Install HAProxy with SSL Termination

These days I have been working with scaling solutions for a PHP framework. Previously I came with Nginx as load balancers, however, with the requirement of health check and failover, I need to come to HAProxy this time. So I write this entry as a note for installing HAProxy with SSL Termination. Most of my machines are on the Ubuntu 16.04 stock OS. My testing cluster comprises 4 following machines:

SERVER_1 plays the HAProxy role (I will reuse it for ProxySQL later).
SERVER_2 and SERVER_3 act as 2 web servers: webserver-01 and webserver-02.
SERVER_4 is dedicated for MySQL 5.7 database. No replication, group replication or multiple DB servers in this article.

I just quick notes steps, since this blog entry is for me, and why do I care if others are angry with it :D?

Install MySQL server to SERVER_4

One line:

apt-get install -y mysql-server
# Modify configuration as my need
systemctl start mysql
systemctl enable mysql

Do remember to create a user which can access from your web application servers and allow remote connection to MySQL from these servers. In case of testing, you can simply create a user with ‘%’ in the host and tell MySQL to listen for every network interfaces (Add bind-address = 0.0.0.0 to the [mysqld] config section).

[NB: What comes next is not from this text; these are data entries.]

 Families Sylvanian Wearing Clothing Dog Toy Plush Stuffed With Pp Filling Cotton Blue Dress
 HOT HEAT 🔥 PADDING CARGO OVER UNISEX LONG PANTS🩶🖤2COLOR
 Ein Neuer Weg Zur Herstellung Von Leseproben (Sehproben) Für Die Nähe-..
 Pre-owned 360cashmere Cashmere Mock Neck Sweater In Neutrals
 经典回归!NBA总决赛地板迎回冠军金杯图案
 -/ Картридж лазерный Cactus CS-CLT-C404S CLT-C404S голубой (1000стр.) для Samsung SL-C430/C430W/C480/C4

Install Nginx with PHP-FPM on SERVER_2 and SERVER_3

Just starting with Nginx:

apt-get install -y nginx
# Modify configuration as my need
systemctl enable nginx
systemctl start nginx

Next we will install PHP-FPM:

apt-get install -y php-fpm php-mysql php-mysqli php-mcrypt php-opcache php-mbstring php-gd php-xml php-curl php-zip php-cli
# Modify configuration as my need
systemctl enable php7.0-fpm
systemctl start php7.0-fpm

Edit /etc/nginx/sites-available/default to enable index.php and PHP for default site. Remember, I am testing so why do I need to care with configuration? Remember to restart Nginx after this step.

Create a /var/www/html/info.php file with a simple phpinfo thing:

<?php

echo "<p>I am server {$_SERVER['SERVER_ADDR']}</p>";
phpinfo();

Access SERVER_2/info.php and SERVER_3/info.php to be sure things are working well.

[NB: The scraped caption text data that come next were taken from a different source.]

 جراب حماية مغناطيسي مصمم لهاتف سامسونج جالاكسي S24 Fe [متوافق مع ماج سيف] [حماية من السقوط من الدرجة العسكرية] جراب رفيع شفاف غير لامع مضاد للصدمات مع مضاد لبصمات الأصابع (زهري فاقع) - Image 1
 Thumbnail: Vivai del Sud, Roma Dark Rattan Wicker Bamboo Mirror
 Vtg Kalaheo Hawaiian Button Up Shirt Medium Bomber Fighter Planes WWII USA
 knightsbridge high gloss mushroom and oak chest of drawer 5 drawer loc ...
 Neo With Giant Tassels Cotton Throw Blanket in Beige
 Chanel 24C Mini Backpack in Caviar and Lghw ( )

Install Let’s Encrypt and HAProxy to SERVER_1

Now it’s time to install Let’s Encrypt:

add-apt-repository ppa:certbot/certbot

apt-get update -y
apt-get install certbot -y

Then, start and enable HA-Proxy:

apt-get install -y haproxy
systemctl start haproxy
systemctl enable haproxy

Edit /etc/haproxy/haproxy.cfg and add the following lines for the HA to listen on port 80, go to backend at port 8888 for Let’s Encrypt requests and go to 2 web-servers (SERVER_2 and SERVER_3) for normal requests:

frontend fe-scaling
    bind *:80
    # Test URI to see if its a letsencrypt request
    acl letsencrypt-acl path_beg /.well-known/acme-challenge/
    use_backend letsencrypt-backend if letsencrypt-acl
    # Default: use normal backend for web apps
    default_backend be-scaling

# LE Backend -> Go to LE on current server
backend letsencrypt-backend
    server letsencrypt 127.0.0.1:8888

# Normal (default) Backend for web app servers
backend be-scaling
#    redirect scheme https if !{ ssl_fc }
    server webserver-1  SERVER_2_IP:80 check
    server webserver-2  SERVER_3_IP:80 check

Then, service haproxy reload and access the SERVER_1_IP/info.php to different results (round-robin loading from 2 different servers).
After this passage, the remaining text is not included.